Data records section start

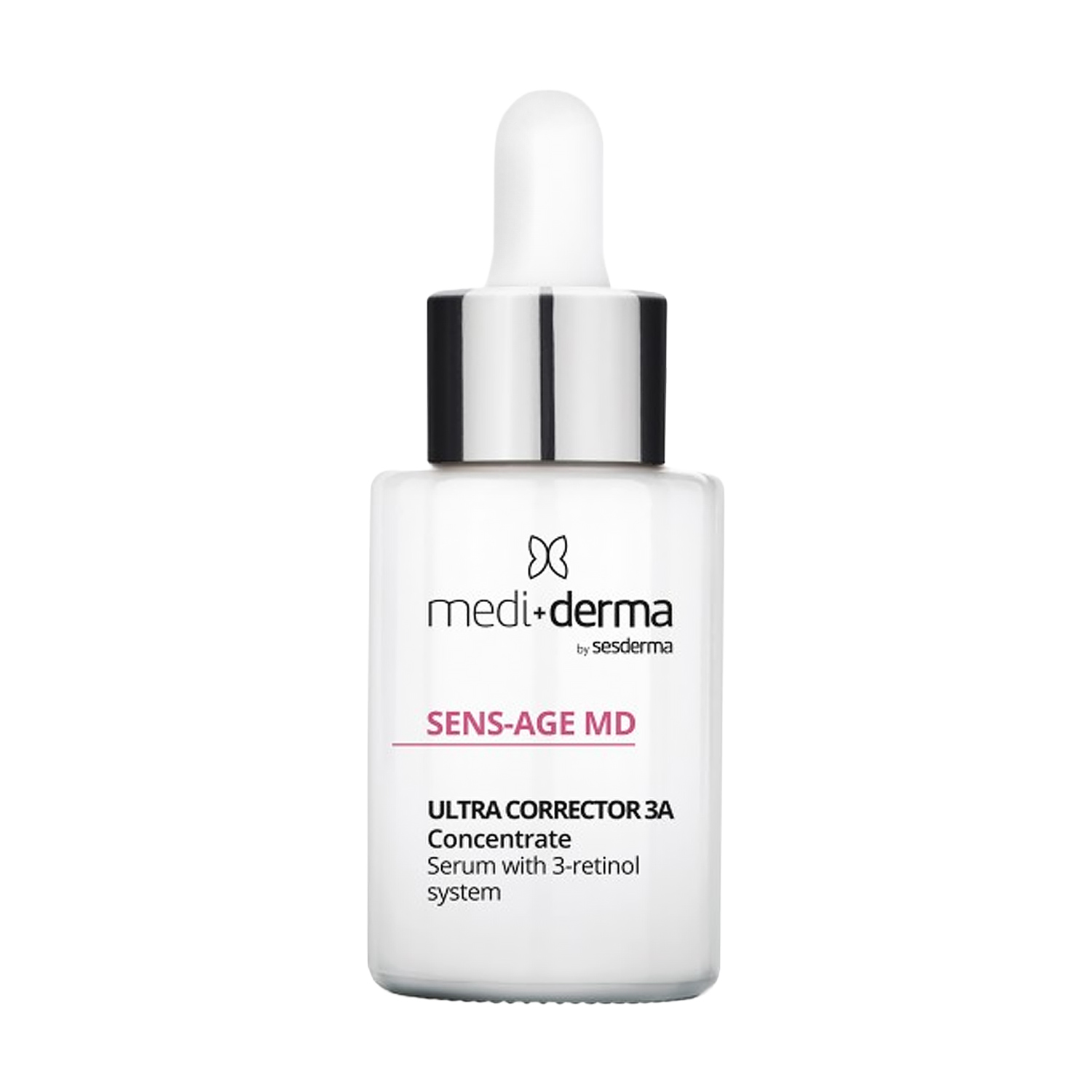 

Омолоджувальна ліпосомальна сироватка для обличчя Mediderma Sens-Age MD Ultra Corrector 3A Concentrate Serum, 30 мл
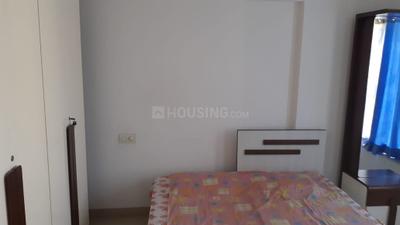 Bedroom Image of 1450 Sq.ft 2 BHK Apartment / Flat for rent in G Corp Greens, Thergaon Pune for Rs. 33000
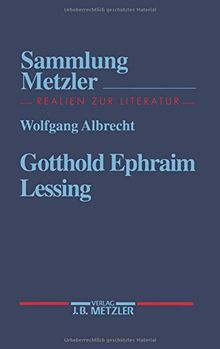 Gotthold Ephraim Lessing (Sammlung Metzler)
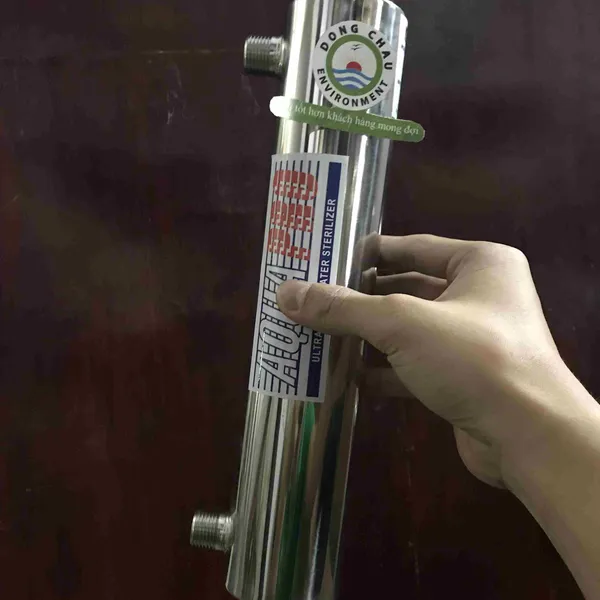 Thiết bị khử trùng nước bằng UV 14W AquaPro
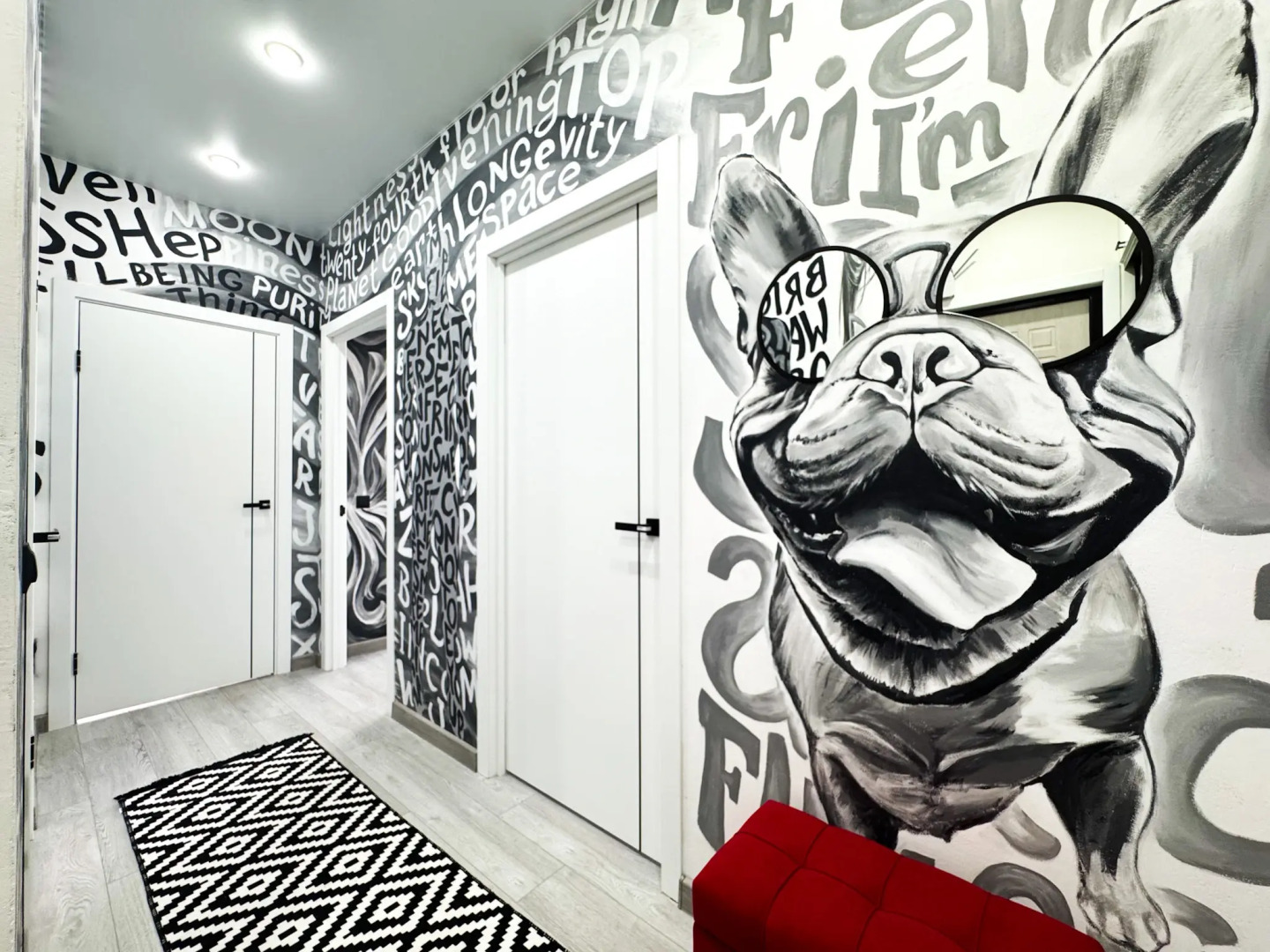 Квартира на Земнухова 2, до 8 гостей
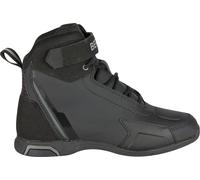 Bering Jag Scarpe da moto impermeabili, nero/grigio, Taglia 41
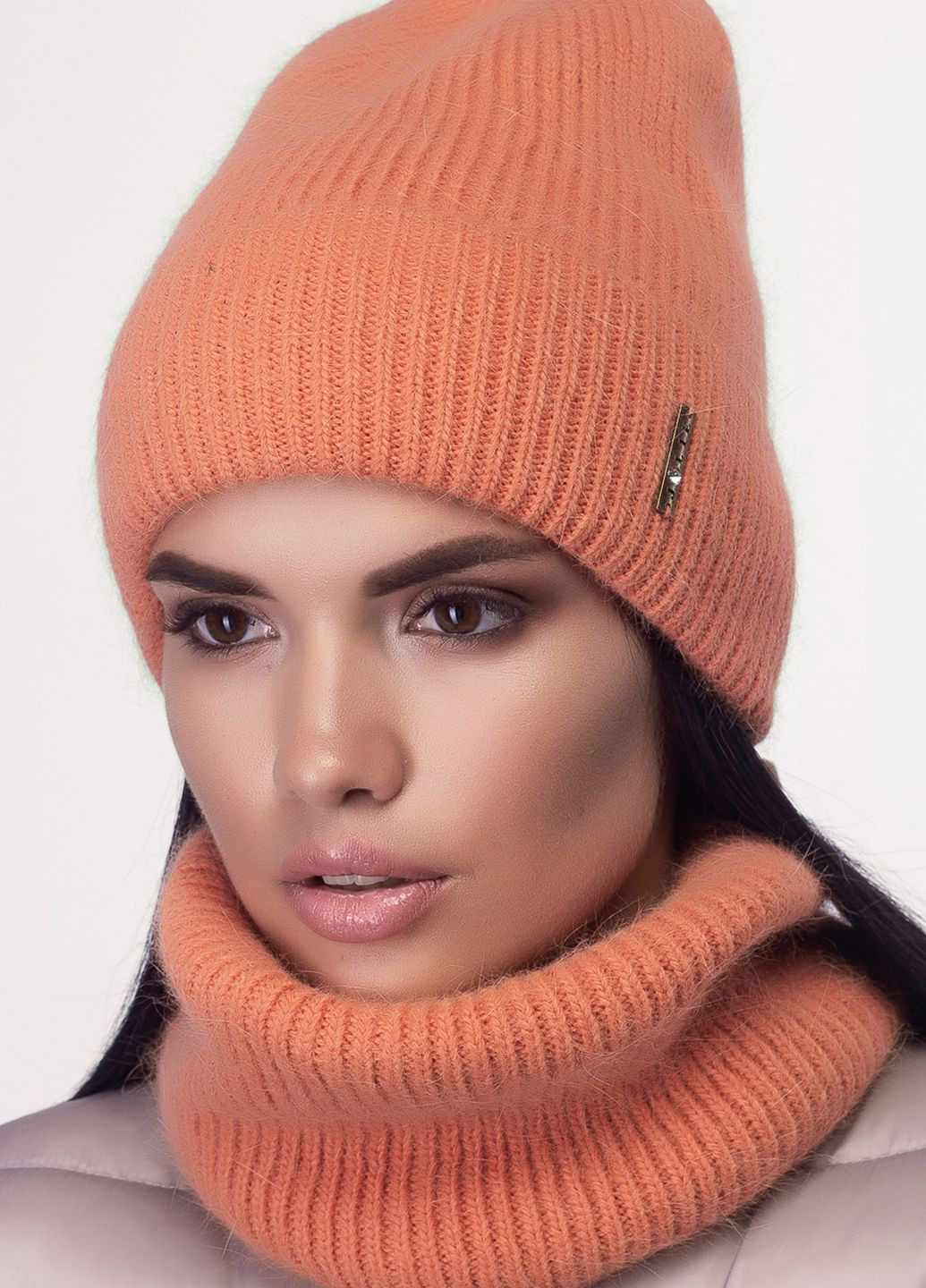 Комплект (шапка, шарф-сніг) Jolie (261563156)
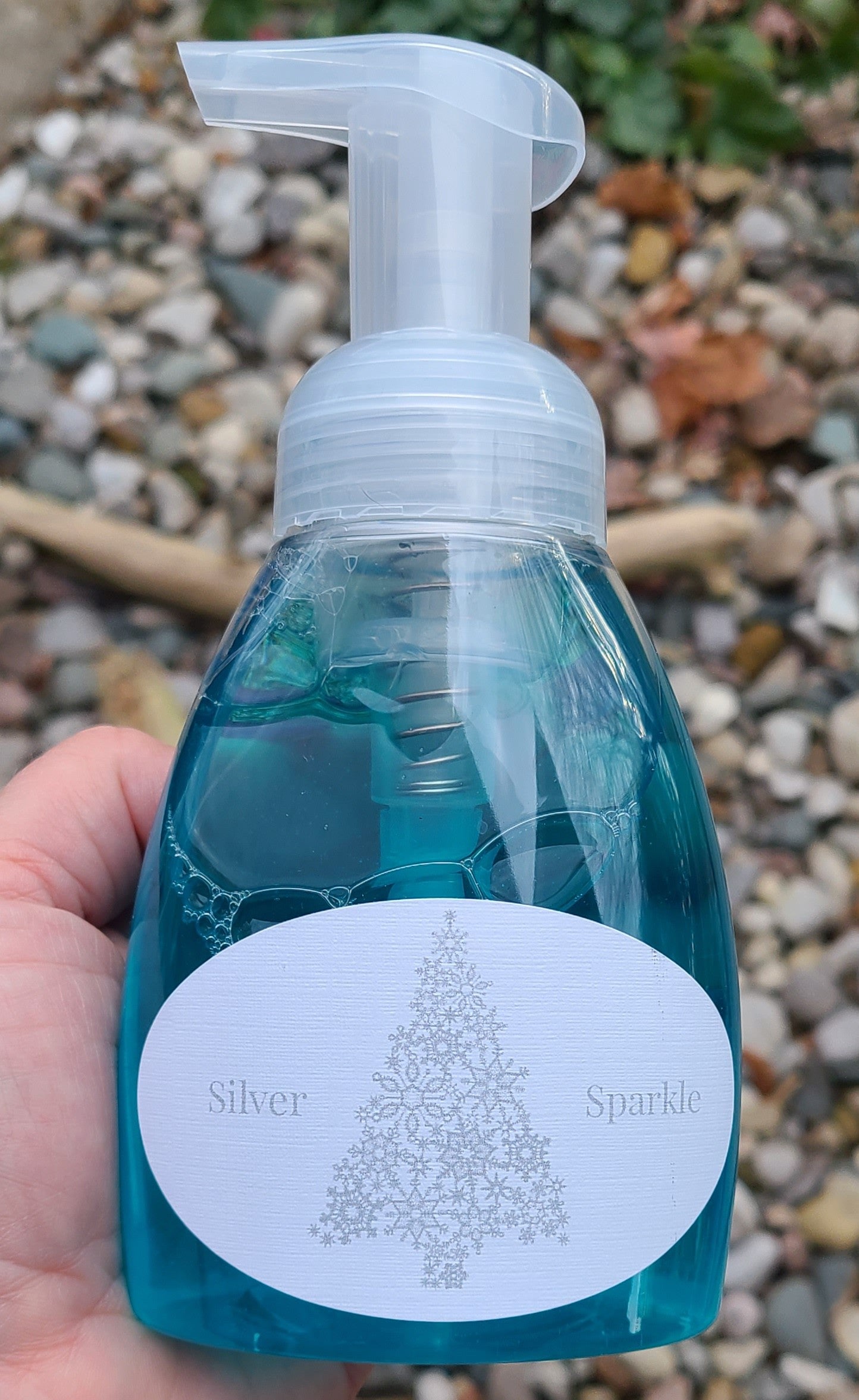 Foaming Hand Soap - Silver Sparkle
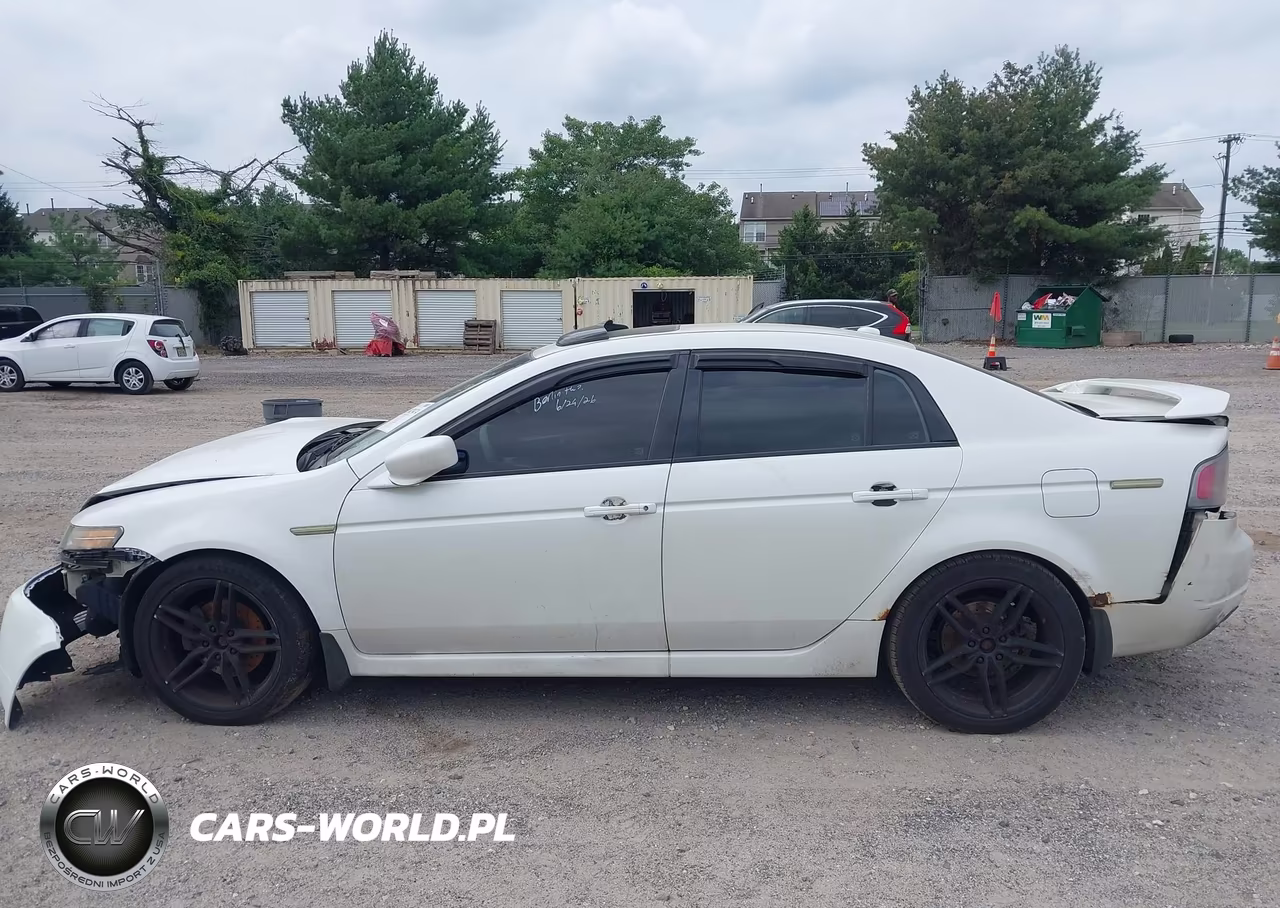 2005 Acura Tl VIN:19UUA66275A030027 - 19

Data records section end

(Exercise brief): Retype, without any picture, exactly the lines from the one with "Квартира на Земнухова 2, до 8 гостей" through the end of the entries, inclusive.

(Result below):
 Квартира на Земнухова 2, до 8 гостей
 Bering Jag Scarpe da moto impermeabili, nero/grigio, Taglia 41
 Комплект (шапка, шарф-сніг) Jolie (261563156)
 Foaming Hand Soap - Silver Sparkle
 2005 Acura Tl VIN:19UUA66275A030027 - 19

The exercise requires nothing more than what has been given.